Now it's So Long, Mr. Chumps.  Note the Stooges new prison IDs.  Off to the rock pile.  Why, they don't even get time to play Iron Ball Bowling!  Those butchers at the editing deck...  Time to revisit their old mission of finding Prisoner #41144.  Any help, Pittacus Lore?  Oh, I guess their numbers don't go that high.
I probably didn't notice it before, but I'll mention it here.  At about 5:33, you can barely see the edit, but they swap out the paint sandwich for something less toxic... I hope.  Less toxic, but worse than Depression Era lunchmeat.  I would also like to point out 7:00 where a dude gets repeatedly hit with a paint brush, making the same thwacking noise.  Other than that, I'm just too disgusted with this Stooge lunchmeat.  They even make the mistake of not ending the film with the fake rock/real rock 4th-wall busting gag!  It's back to the original conceit.

EPILOGUE

Slightly similar to the ending of Laurel and Hardy's Pardon Us... okay, maybe not that similar at all.  And arguably, Laurel and Hardy did it better, but I might as well give the Stooges their due.  The Stooges get out of prison after many, many years (spoiler alert: 40), and you can tell, because they're acting all old and have long, grey beards.  At least Moe's is neatly trimmed... sheesh.  Warden Vernon Dent tells them goodbye personally, and he sounds like ... like... damn my feeble memory..  Walter Brennan!  That's it!  Time clearly hasn't been kind to him either.  He tells the Stooges "Hurry back!"  Lol.

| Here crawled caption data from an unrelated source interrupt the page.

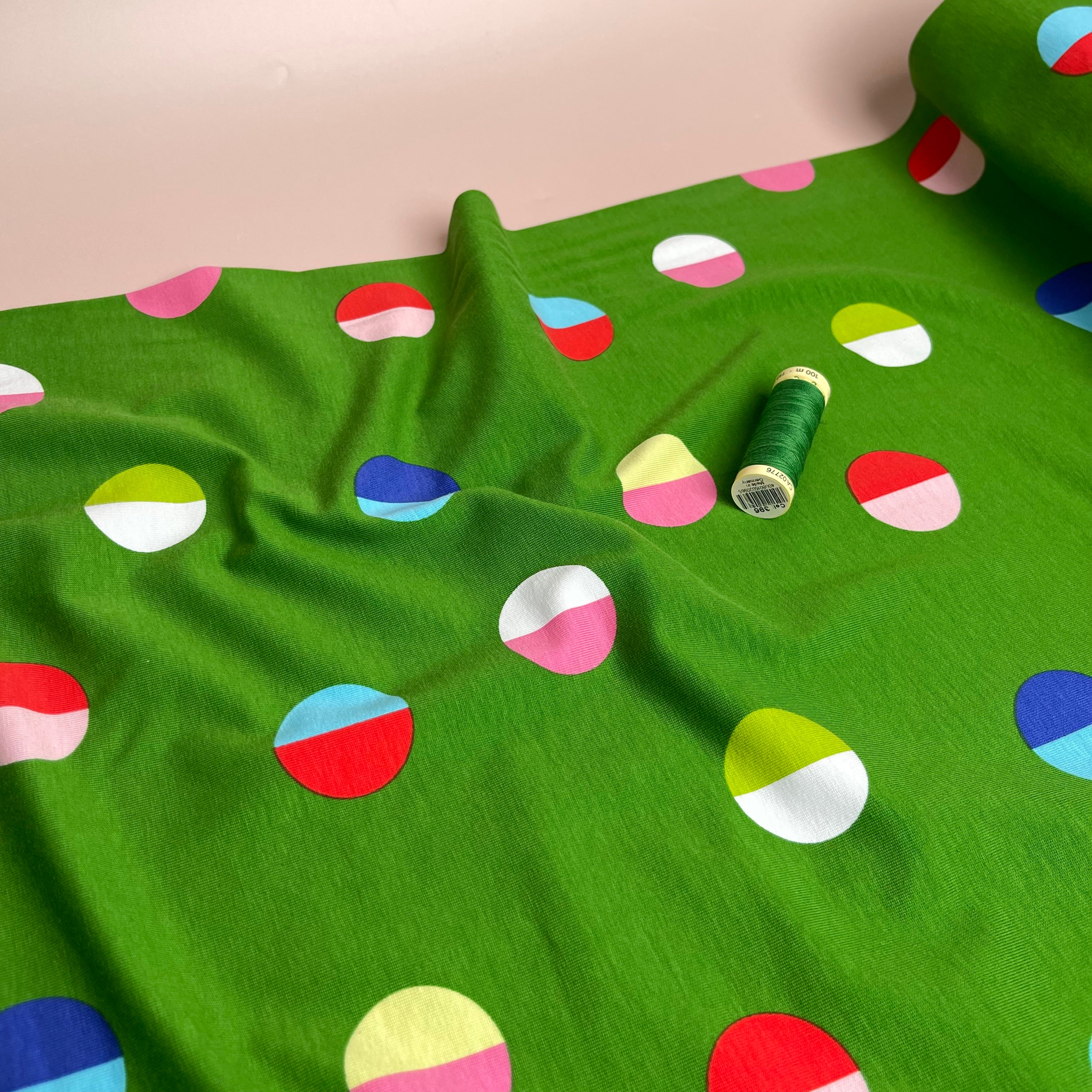 Split Circles on Green Cotton Jersey Fabric - Image 3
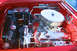 1959 Ford Ranchero - The engine bay of a red 1959 Ford Ranchero is detailed with chrome components.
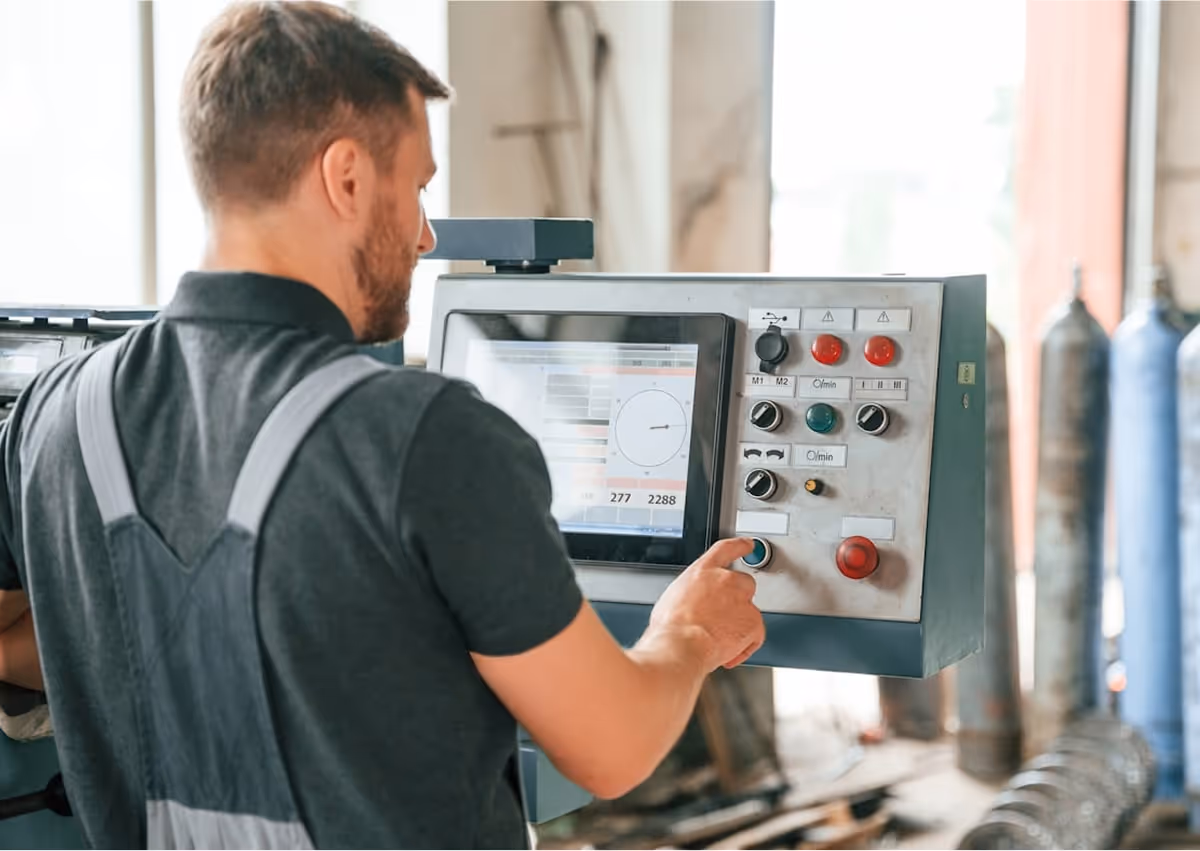 A man working on a machine in a factory.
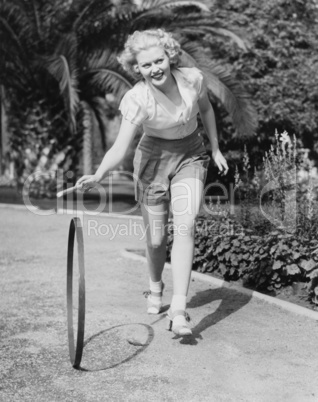 Young smiling woman playing with hoop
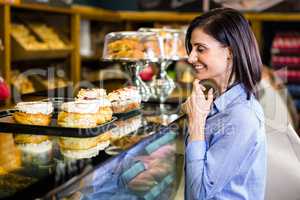 Pretty smiling woman choosing her dessert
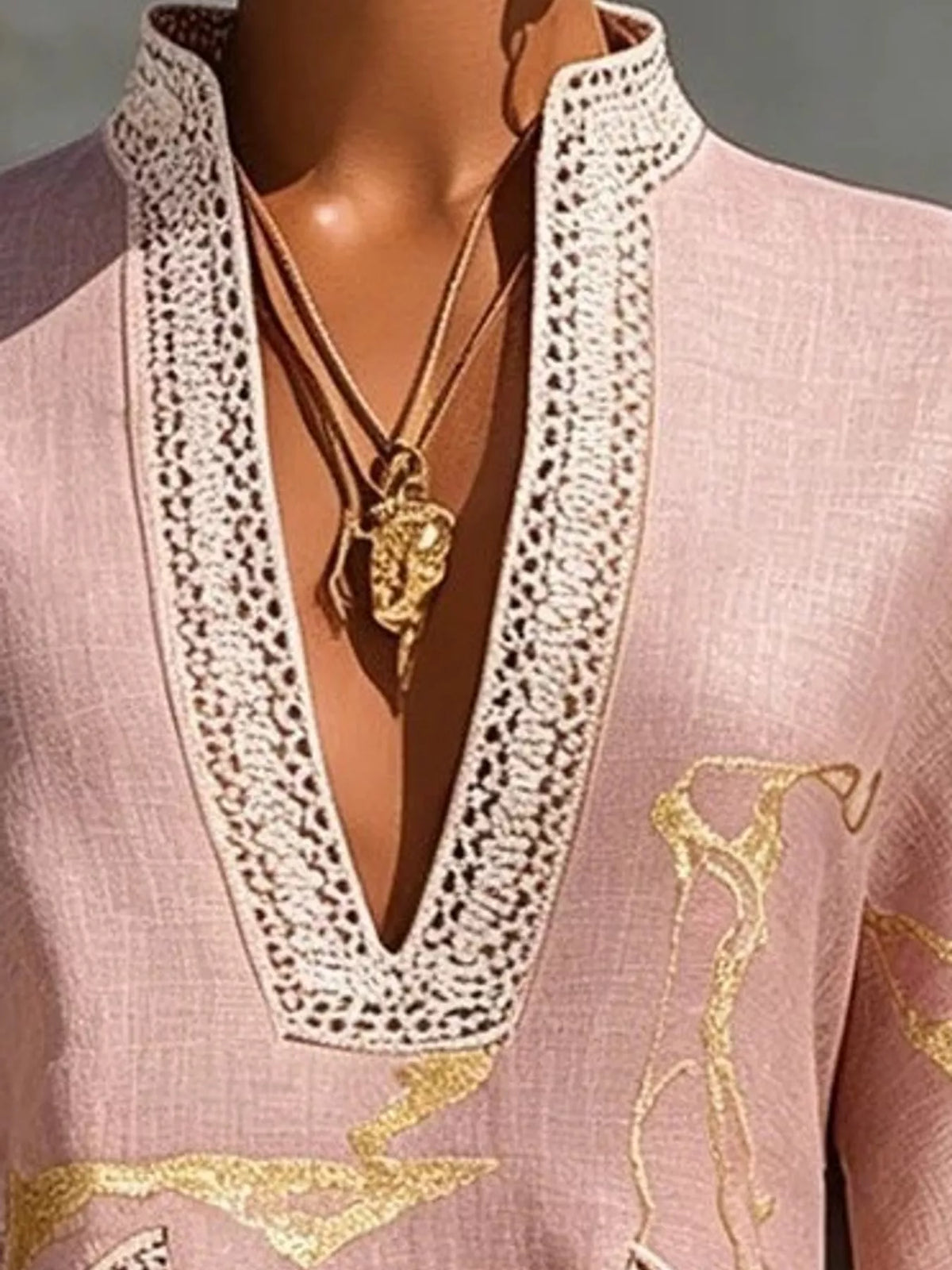 Pink mini dress neckline close-up with notched V lace trim and gold horse motif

As with anyone who gets out of prison, it's time to think about how to celebrate your new found freedom.  Curly starts, and expresses his wish for a nice tall bottle of beer... wrong choice.  Maybe he should've said "mug" or "pint" instead.  Either way, the damage is done.  Moe slowly pokes Curly in the eyes, and Larry slowly swings his clenched fist around to hit Curly in the stomach.  Moe and Lawrence return Curly to the jail the same way they came out.  Must be one of those funny jails.  Moe and Larry wander off Stage Right, and Moe tells Larry where they can find a couple "beautiful blondes."  They wish.